Because we find that no duty to accommodate arose, we do not reach Umble's argument that the alleged absence of an ADA policy and failure to post notices in accordance with 42 U.S.C. § 12115 results in the defendants' waiver of the right to assert that they reasonably accommodated the plaintiff.
We also conclude that Umble has not adequately raised a separated failure-to-accommodate claim arising out of the January disciplinary meetings regarding her poor attendance record. Rather, her complaint is based on the events leading up to her termination in September 1996, and alleges that she was terminated because of her disability at that time. Similarly, while Umble's opposition to summary judgment does recite the events in January as supportive of her claim that she was wrongfully terminated several months later, that opposition never asserts failure to accommodate in January as an independent ground of liability.
Accordingly, the district court's grant of summary judgment to the defendants is hereby
AFFIRMED.
REINHARDT, Circuit Judge, concurring in part and dissenting in part.
I agree with the majority's conclusion that Arrowhead's termination of Umble did not, in itself, constitute a violation of the ADA. However, I would hold that Umble has adequately raised the claim that Arrowhead failed to accommodate her disability in January 1996 when it threatened her with termination for attendance difficulties which it knew were caused by her migraine headaches. In her opposition to the defendants' motion for summary judgment/cross-motion for partial summary judgment, Umble argued that Arrowhead violated the ADA in part because "it refused [her] request for a modified work schedule," and discussed at length the reprimands threatening termination if her absenteeism continued as well as the evidence that Arrowhead was aware that her attendance problems were caused by her migraines. Umble renewed these arguments in her briefs on appeal. Although her complaint is inartfully pled, the defendants had adequate notice from Umble's summary judgment papers that Arrowhead's actions in January 1996 regarding her absenteeism difficulties, as well as the events leading up to her termination in September, were at issue; indeed, in the statement of facts in opposition to the motion for summary judgment, Umble devotes as much space to the discipline for absenteeism as to the termination decision. I would therefore hold that Umble has adequately raised this claim, and that Arrowhead failed to engage in the ADA-mandated interactive process in January 1996 when it threatened Umble with termination without attempting to explore with her possible accommodations for her
Page 758.
migraine condition. Barnett v. U.S. Air, 228 F.3d 1105, 1114 (9th Cir.2000) (en banc), cert. granted, 532 U.S. 970, 121 S.Ct. 1600, 149 L.Ed.2d 4678 (2001). Whether or not, for purposes of damages, Umble's termination was a consequence of that alleged violation is an issue I also believe to have been properly preserved. Accordingly, I would reverse the grant of summary judgment.

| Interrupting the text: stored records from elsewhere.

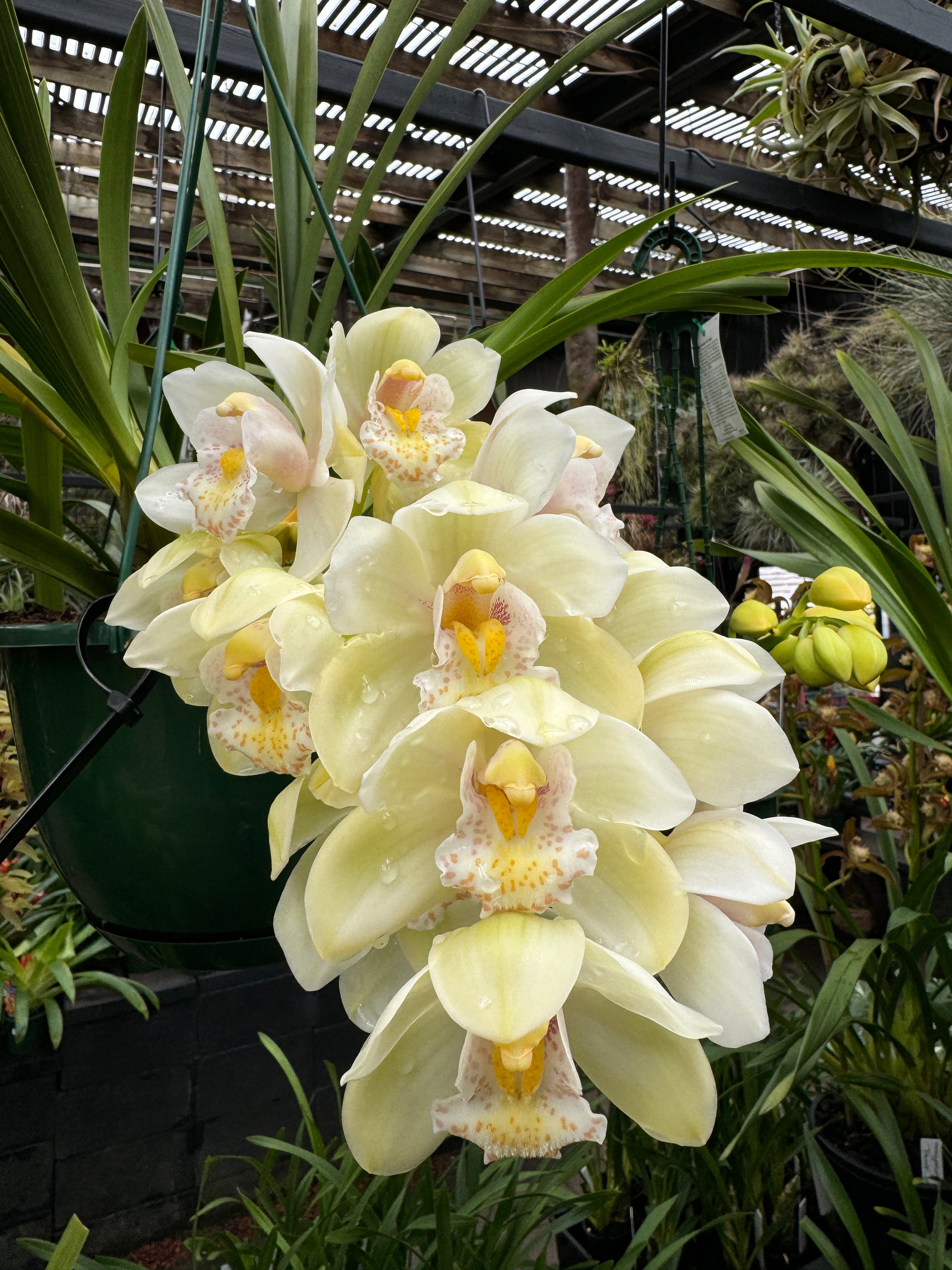 Cymbidium Sleepy Sarah 'Snow Blind' Semi Pendulous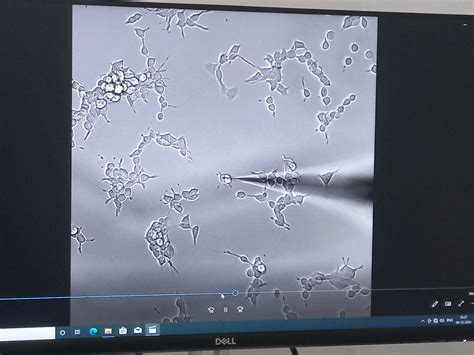 Rajiv Gandhi Centre for Biotechnology (RGCB)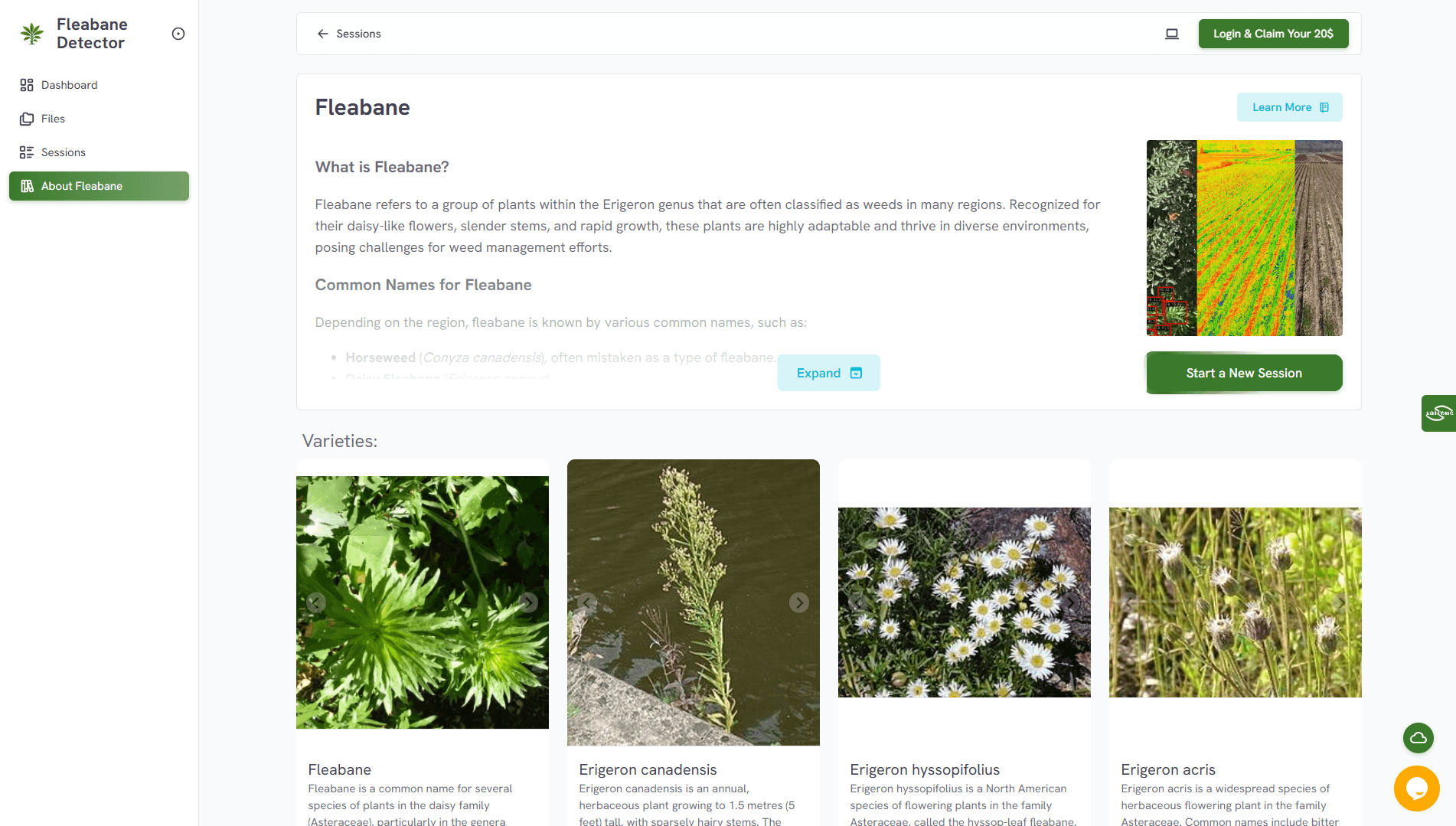 Fleabane Detector.png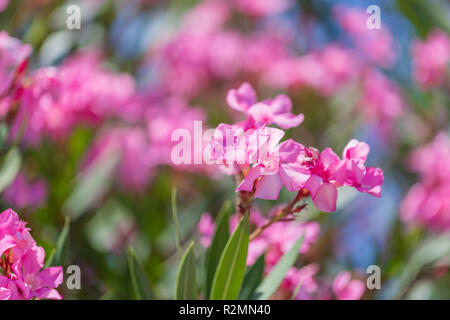 Rosa in fiore oleandro fiori. Nerium oleander. Sfondo floreale. Messa a fuoco selettiva Foto Stock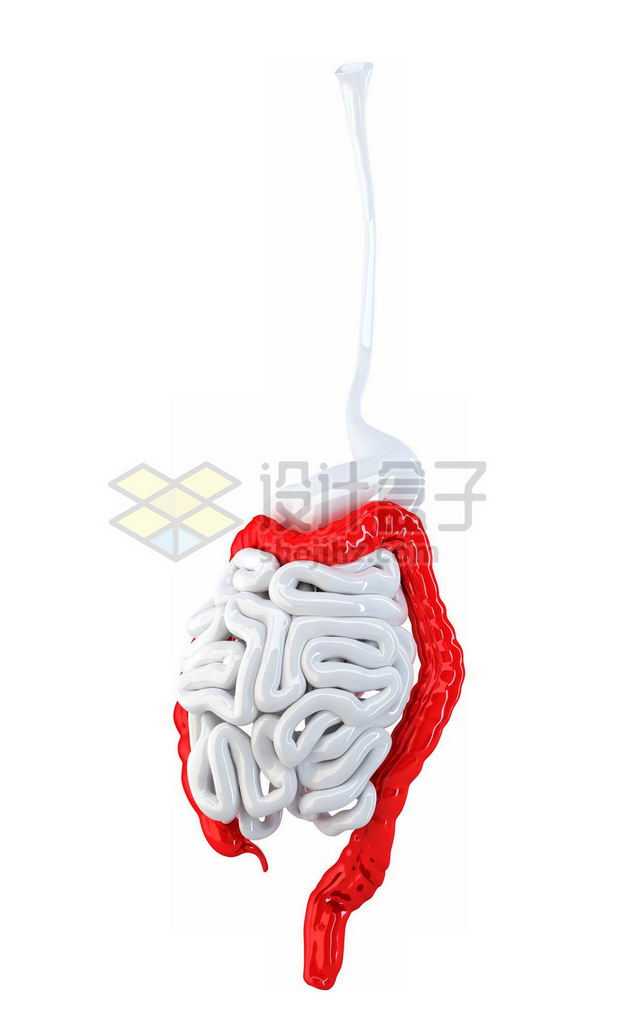 3D立体白色食道小肠和红色大肠等消化系统内脏塑料人体模型1103514免抠图片素材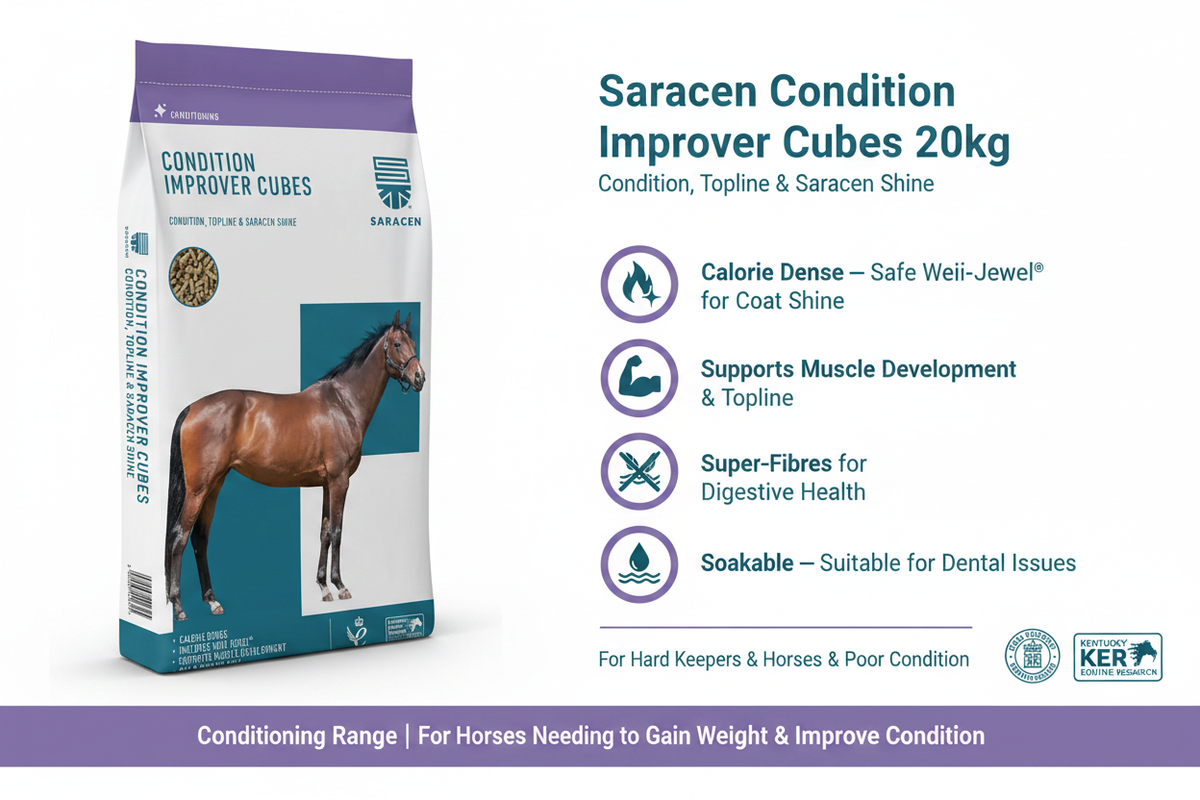 Saracen Condition Improver Cubes Infographic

I recognize that the majority's statement that Umble failed to assert an independent ground for liability with respect to the January meeting is not without merit. I would, however, give a more generous, dare I say liberal, reading to the papers filed by a civil rights plaintiff and am most reluctant to forfeit what appears to be a valid disability claim because of perceived inadequacies in the pleadings or motions papers. Indeed, I do not think it was necessary to do so in this case.